The North Sea replaced post-training ice baths on Monday as the Falcons made tentative rehabilitation steps back from Sunday, but the natural shock will not have been a patch on the horrors of the weekend.
The Falcons entertain Gloucester at Kingston Park tonight (kick-off 8pm) in their second clash of the week that ends with a Saturday trip to Harlequins. Backing the Newcastle coaches without second thought, Young said the players are desperate to prove Sunday was a one-off.
“We’re all right behind the coaching,” he said, “we’re all pleased with how we have prepared and what we are doing: the players trust in Alan Tait and Steve Bates, and we are confident we are doing the right things.
“Sunday was a blip and we’re desperate to put that right, starting tonight. We want to win as many games as we can now so that the Sale game isn’t an issue. Ambitions have had to shift since the start of the season, but that doesn’t mean we are talking and worrying about relegation – we are looking up not down.”
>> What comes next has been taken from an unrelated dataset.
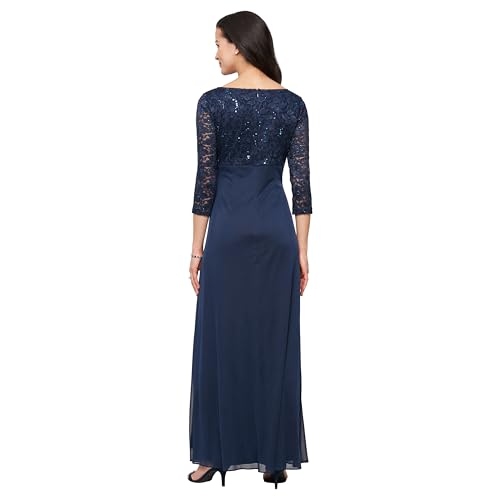 Image of S.L. Fashions Women's Long Mother of the Bride Dress with Stretch Lace Bodice & Hip Embellishment (Petite and Regular Sizes)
Furious with continued losses, Young’s halfback partner Jimmy Gopperth (pictured left) said the defeats only become more difficult to stomach.
From relegation worries to goal-kicking jitters, former Auckland Blue Gopperth finds himself craving every kind of pressure ahead of tonight’s vital clash. “I can’t remember the last time we won,” said the candid playmaker, ready to cut short the Premiership winless streak that dates back to the January 3 Wasps victory.
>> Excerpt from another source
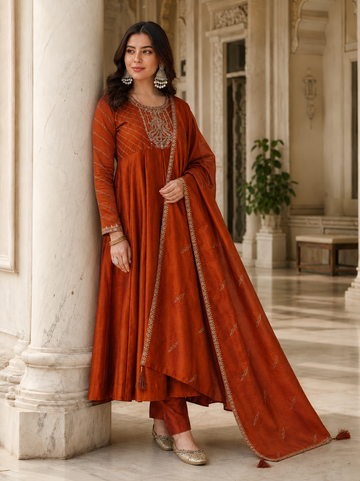 Rustic Orange Vichitra Silk Stitched Suit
“So it’s about time we sorted that out and got a result in front of our own fans.
“We wouldn’t be professional rugby players if we didn’t hurt really badly after any loss.
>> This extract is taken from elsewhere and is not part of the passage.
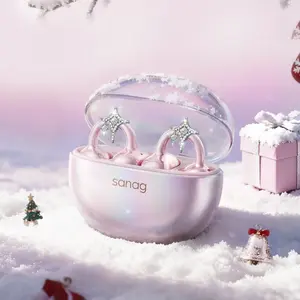 Sanag S6S Nova AI Translation Clip-On Earbuds + Flowing Starlight Earrings Bundle – Smart Audio Meets Statement Style, Jewelry-Fit Design, No Sound Leak, Sweat-Proof, All-Day Comfort for Work, Commute & Travel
“Every time we lose, every player hurts hugely, and we all feel it for days. My wife hates it when we have lost, because she knows what is going to walk through the door when I get home, and it’s not pretty.
“If you ever get to the stage where you don’t feel anything, that’s when it’s time to quit and hang up the boots.
“No one at Newcastle reacts like that, and no one reacted like that on Sunday.
“Back when I first started in the New Zealand Cup there was a promotion-relegation playoff at the end of the season, and that made teams think. But in the first year they scrapped that it opened things right up and teams at the bottom were beating teams at the top all the time, because the pressure was off and they just went out there and mixed things up.
“Relegation keeps teams honest, and it keeps people honest, but it’s pretty stressful for coaches and players too.
“It’s a pressure that you have to embrace though, and you have to accept it’s all part of the scenario. As for goal-kicking, if I was just a regular player then I would miss that pressure, as a goal-kicker you wouldn’t do that job unless you were ready to accept and embrace the pressure.”
NEWCASTLE FALCONS: A Tait, D Williams, G Bobo, T Tu’ipulotu, T Biggs, J Gopperth, M Young, J Golding, R Vickers, C Hayman (capt), F Levi, M Sorenson, B Wilson, E Williamson, J Afu. Replacements: A Walker, M Ward, G Shiells, J Hudson, T Swinson, C Pilgrim, T Catterick, R Vickerman.
GLOUCESTER: F Burns, C Sharples, J Simpson-Daniel, E Fuimaono-Sapolu, L Vainikolo, N Robinson, R Lawson, N Wood, O Azam, P Capdevielle, D Attwood, A Brown, P Buxton (capt), A Qera, A Eustace. Replacements: S Lawson, A Dickinson, R Harden, M Bortolami, A Satala, A Williams, T Taylor, J May.